Is there any standard way of controlling concurrency and consumption in an MDB? Every suggestion I've been able to find seem to be application server or resource-adapter specific (e.g. maxSession @ActivationConfigProperty).

The Problem™

We run some relatively heavy analysis jobs on a two-node JBoss setup (EAP 6.3), and want to parallelise jobs as well as impose an upper limit on the number of concurrent jobs so we don't swamp the database server. Jobs are started from a web front-end, and should be started whenever there's a free processing slot - there's no prioritisation or ordering constraints. We use a message queue (IBM WMQ, because of politics) to distribute "start analysis" messages to the nodes.

Current progress

After a lot of fiddling following various suggestions that turned out to be Non-Working Resource-Adapter-Specific Cargo-Cult Misinformation™ :), I thought the problem was solved by defining an EJB pool for the MDB. This does solve the concurrency issue, but unfortunately it seems like a node with no free MDBs still pulls messages of the queue - which can leave one node underutilised and the other fully loaded with a backlog.

If I understand the IBM documentation correctly, this behaviour should be controllable with the readAheadAllowed configuration option, but this doesn't seem to influence my results at all.

So, is there:

  • A Java EE-standard way to control message consumption?
  • A (working) IBM WQ specific configuration option?
  • A JBoss specific way to fix it?
  • Some other smart solution that I haven't thought of?

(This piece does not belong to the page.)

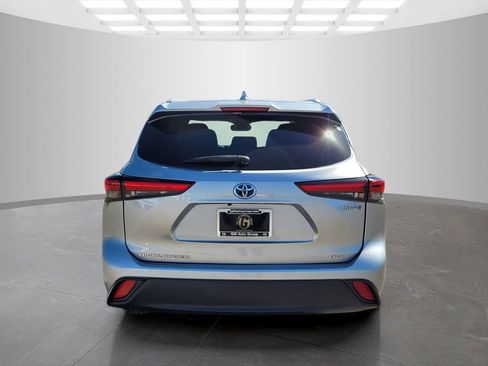 Used 2022 Toyota Highlander XLE image 5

Alternatively I could probably rework the architecture to use a topic queue, and let each node attempt something along the lines of UPDATE Projects SET Status='inprogress' WHERE Id=42 AND Status='inqueue'; - but I'd rather not go there if I don't have to, mostly because of the Change Requests required for getting the queue changed :)

Arjan Tijms
  • 37,782
  • 12
  • 108
  • 140
snemarch
  • 4,958
  • 26
  • 38

2 Answers2

1

MQ, and indeed JMS, is designed and optimized to get the message as far down the pipe as possible, as fast as possible. The state of each message is tracked by the queue manager but a concurrency requirement would require the QMgr to track the state of messages in relation to one another. MQ does not do that.

There is some granularity in tuning the Activation Spec connection pool and some in the transaction scoping, but these are intended to influence the dynamic behavior of the server and not specify it precisely.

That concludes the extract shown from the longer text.